▶ **Exercise requirements**: Would you repeat the whole listing exactly, pictures excluded?

▶ **Data shown**:
---------------
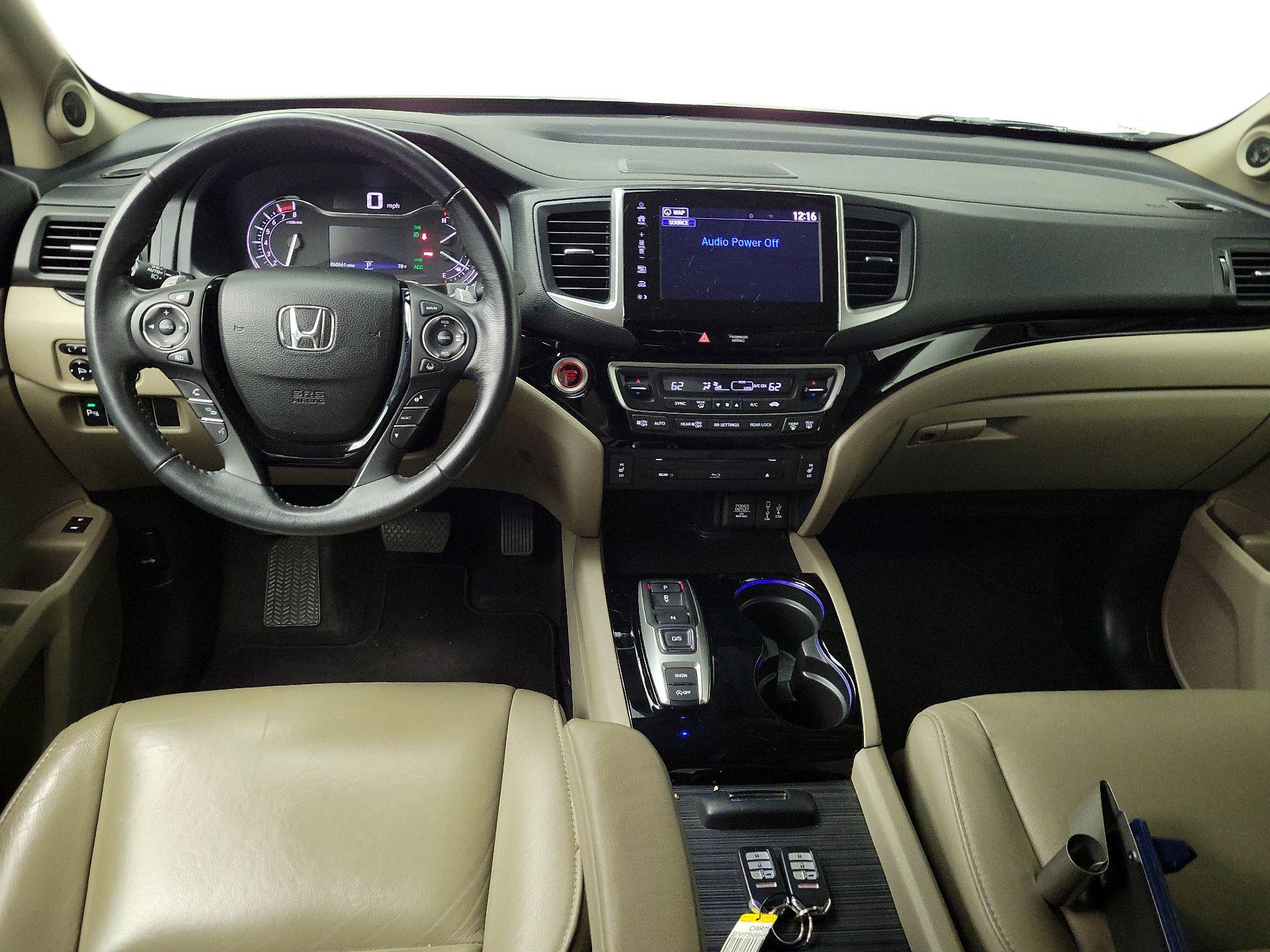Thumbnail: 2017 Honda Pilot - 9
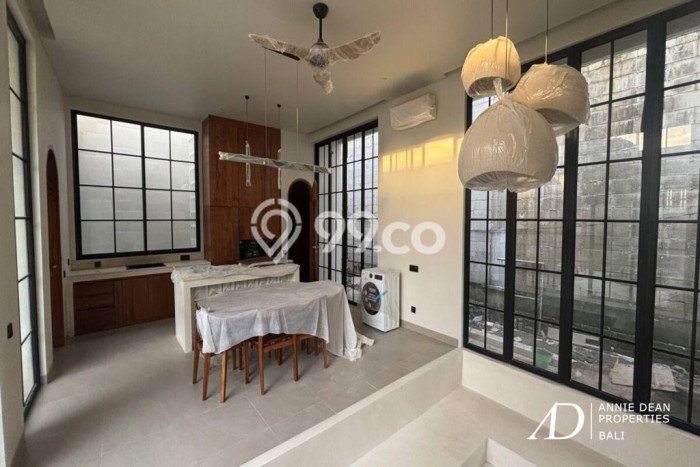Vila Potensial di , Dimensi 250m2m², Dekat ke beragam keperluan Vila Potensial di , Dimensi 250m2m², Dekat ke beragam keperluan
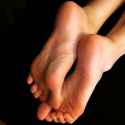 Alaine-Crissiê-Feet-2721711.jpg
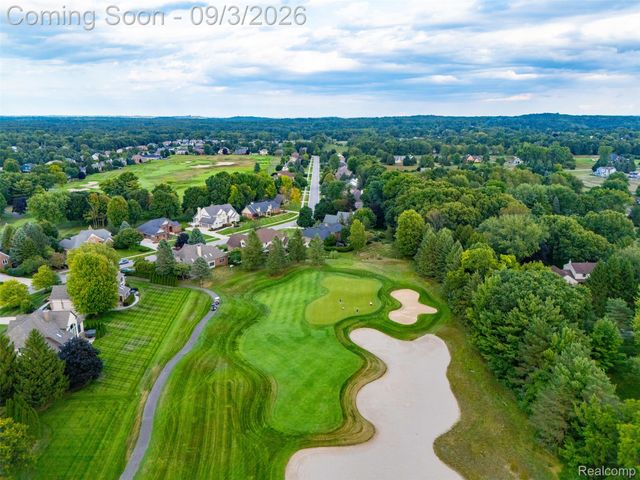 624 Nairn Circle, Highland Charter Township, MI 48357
---------------
▶ **Response box**:
Thumbnail: 2017 Honda Pilot - 9
Vila Potensial di , Dimensi 250m2m², Dekat ke beragam keperluan Vila Potensial di , Dimensi 250m2m², Dekat ke beragam keperluan
 Alaine-Crissiê-Feet-2721711.jpg
 624 Nairn Circle, Highland Charter Township, MI 48357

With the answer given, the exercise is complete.